原動力となっていた、1億金を超える「実家の借金」
岡村 おさむさんがいちばん忙しかった頃は、SMAP関連の番組をやり、片岡飛鳥さん関連の番組をやり、加えて『笑っていいとも!』とか『27時間テレビ』とか。当時話題になった番組はほぼすべて関わっていた。睡眠時間なんて全然なかったんじゃないですか?
鈴木 なかったです。実家の借金もありましたし、自分を追い込んでいた部分もあって。だいたい、放送作家の収入として月200万とか入ってくるようになるわけですよ、20代で。するとだいたいみんな勘違いするんだけど、僕は借金があるから遊べない。その足かせがあって良かったなといまは思います。とはいえ、月に百何十万とか返済に充てなくちゃいけない。
岡村 それは厳しいなあ。
鈴木 銀行、消費者金融、商工ローン。商工ローンって問題が多くて年39%もの利子がつくんです。毎月100万ずつ利子が増えるから、もう必死。俺の人生は破天荒だと思い続けるしかなかった。本当に破壊してました、自分自身を。

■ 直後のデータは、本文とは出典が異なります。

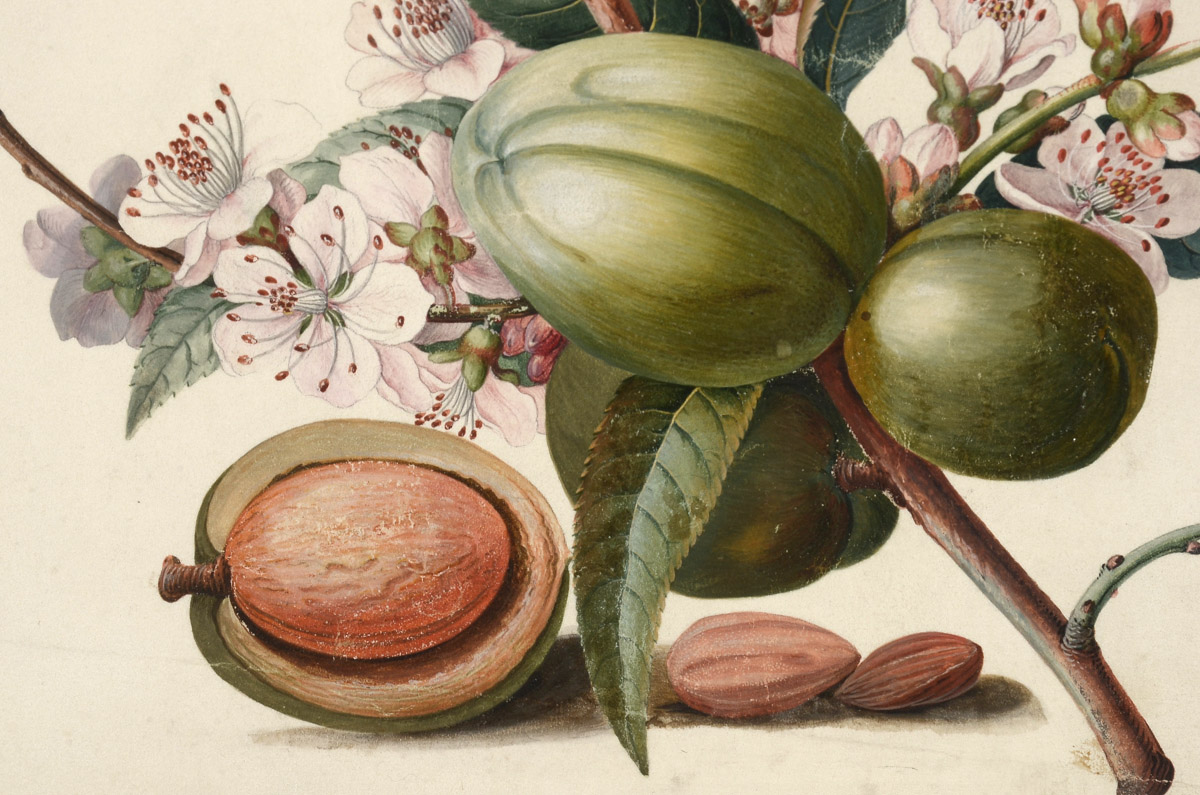 Georg Dionysius Ehret Antique Original 1747 Gouache Botanical Illustration on Vellum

絶頂期のテレビ番組を、もう作れなくなってしまった理由
岡村 しかし、いまとなってはあの絶頂期の頃の『スマスマ』や『めちゃイケ』みたいな番組ってもう作れないですよね。
鈴木 絶対無理です。コンプライアンスの問題もありますが、予算ですよね。1回の収録で何千万とかけるわけですから。すごくよく覚えてるのが、『めちゃイケ』でスタジオに作ったプールに一本橋をかけてそれを渡るゲームがあったんですが、そのプールを全部マヨネーズで埋めたんですよ(笑)。
岡村 えーっ!
鈴木 マヨネーズだけで何百万。匂いなんて観てる人に1ミリも伝わらない。でも、それを「アハハハハ」と笑ってた。90年代は失われた時代の始まりというけれど、90年代後半まではバブルの残り香はあったんです。世の中は小室哲哉ブームだったし。

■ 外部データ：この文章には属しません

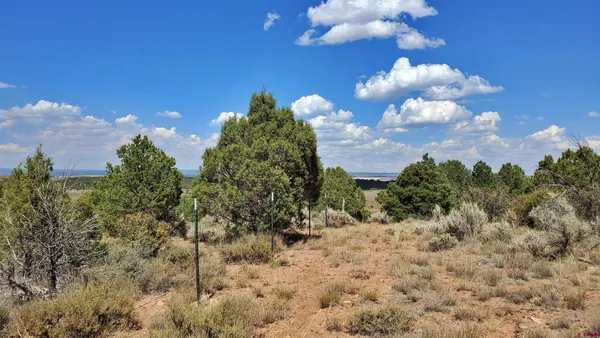 a view of a lake in middle of a city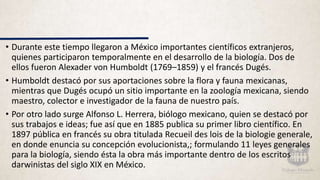 • Durante este tiempo llegaron a México importantes científicos extranjeros,
quienes participaron temporalmente en el desarrollo de la biología. Dos de
ellos fueron Alexader von Humboldt (1769–1859) y el francés Dugés.
• Humboldt destacó por sus aportaciones sobre la flora y fauna mexicanas,
mientras que Dugés ocupó un sitio importante en la zoología mexicana, siendo
maestro, colector e investigador de la fauna de nuestro país.
• Por otro lado surge Alfonso L. Herrera, biólogo mexicano, quien se destacó por
sus trabajos e ideas; fue así que en 1885 publica su primer libro científico. En
1897 pública en francés su obra titulada Recueil des lois de la biologie generale,
en donde enuncia su concepción evolucionista,; formulando 11 leyes generales
para la biología, siendo ésta la obra más importante dentro de los escritos
darwinistas del siglo XIX en México.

でも、90年代後半から00年代になってくるとテレビを観ない若者が増えてきて、F3やM3と言われる50歳以上の視聴者の取り込みが始まったんです。それによって医療ドラマや刑事ドラマが一気に増えた。それがテレビの寿命を縮めてしまったと僕は思っていて。多くの若者は、テレビはもう自分には関係ないと思うようになり、そこにYouTubeが登場したんです。